What do you do when your ex isn't following the court-ordered custody schedule for your children?

This is the sort of post-divorce event that nearly every parent dreads. Yet, most parents fail to have a response plan in mind if it does happen. Don't make that mistake. The faster you react to an issue with your visitation, the more clearly you'll convey the boundaries of your post-divorce existence with your ex.

Here's what you can do:

1. Contact your ex regarding the issue

Do this in writing, so that you have a record of your statements and your ex-spouse's response. Be specific about the ways in which your ex is interfering with your visitation.

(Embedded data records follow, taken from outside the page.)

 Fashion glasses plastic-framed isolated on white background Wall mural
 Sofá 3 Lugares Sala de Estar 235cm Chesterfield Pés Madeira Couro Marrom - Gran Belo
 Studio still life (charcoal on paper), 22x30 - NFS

Direct interference involves things like refusing to turn the kids over for your weekend or arbitrarily canceling a planned visit at the last minute. However, don't overlook indirect violations. Those include things like intercepting your phone calls or refusing to give you information about a child's school activities. It's important that you document exactly what the issues are in your letter in case you end up back in court.

2. Propose a resolution to the problem

You want to offer a solution to the issues whenever possible. Not only does that give your ex a reasonable way to respond, it also could show the court that you are more than willing to be flexible. A refusal to negotiate on your ex's part will also play very badly in court if it gets that far.

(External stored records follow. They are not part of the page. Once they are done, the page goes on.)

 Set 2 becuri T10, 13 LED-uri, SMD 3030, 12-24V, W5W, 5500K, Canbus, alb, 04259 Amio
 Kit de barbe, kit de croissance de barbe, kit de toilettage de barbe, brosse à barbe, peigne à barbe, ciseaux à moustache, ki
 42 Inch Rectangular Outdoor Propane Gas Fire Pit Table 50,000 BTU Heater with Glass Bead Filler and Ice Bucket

For example, if your ex insists that the planned visit just had to be canceled, propose an alternative visit to make up for the one that was missed or "make-up" visitation time. If your ex says your phone calls are just coming "at a bad time," suggest setting up a specific time every night to call -- and let your ex choose the time.

3. Take the issue back to court

If your ex refuses to negotiate or rapidly falls back on the same excuses, your best bet is to take the issue back to court. Judges expect custody orders to be followed and can issue fines or even alter existing custody agreements when they aren't.

If you do find yourself heading back to court over a custody issue, you want to make certain that you go in armed with the proof that you did everything possible to avoid the situation.